The next competitor would not come in until 14 minutes later and only one other runner would break five hours. The course may not have looked all the challenging but apparently it was harder than we expected. When Shannon came in breaking her PR by over half an hour, it was great icing on an already wonderful day.

As I have delineated above, there were many things that caused this race to not be what it was expected. My hat goes of and all the way to the salty ground to the organizers of this race for tirelessly working to make everything workout as smoothly as possible. I can't even go into enough detail to talk about how much they had to do to just keep their heads literally above water. This doesn't even count the salt, mud and everything else Mother Nature threw at them. A major kudos goes to all that were involved in getting this race off the ground. It was well- attended but simply amazing to me that it is not filled to the brim with more runners. With an unparalleled race visages put on by the nicest, battle-tested directors, it should be capped every year.
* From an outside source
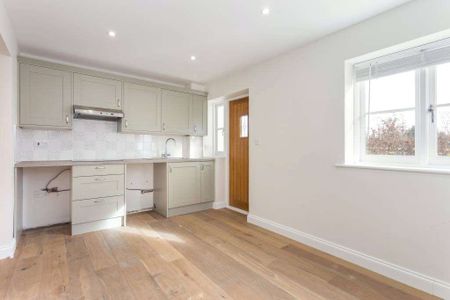 A superb barn style' detached family home constructed to a high standard and specification. - Photo 4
My gear for this race included:
Karhu Fluid3 shoes:  If the race had been on the actual salt flats I would have included IceSpike.  But with 8 miles on pavement I opted out (even though IceSpike works just fine on pavement.)
Camelbak Circuit: Now undefeated in three separate races.  Hard to get a better review than that!
Julbo Race sunglasses: I have worn these for a variety of races and they worked perfectly.
Times One GPS+: This measured the courses to be 31.0 miles. Gonna say that was pretty accurate!

Now I have to get back to thinking about next year and running the 50k on the salt.  Hopefully they will never run that course again so my record will remain ad infinitum. A boy can hope!

1 comment:

Frank Evans said...

You've been wearing the Fluid3 for a few years now. What kind of mileage have you been getting out of each pair?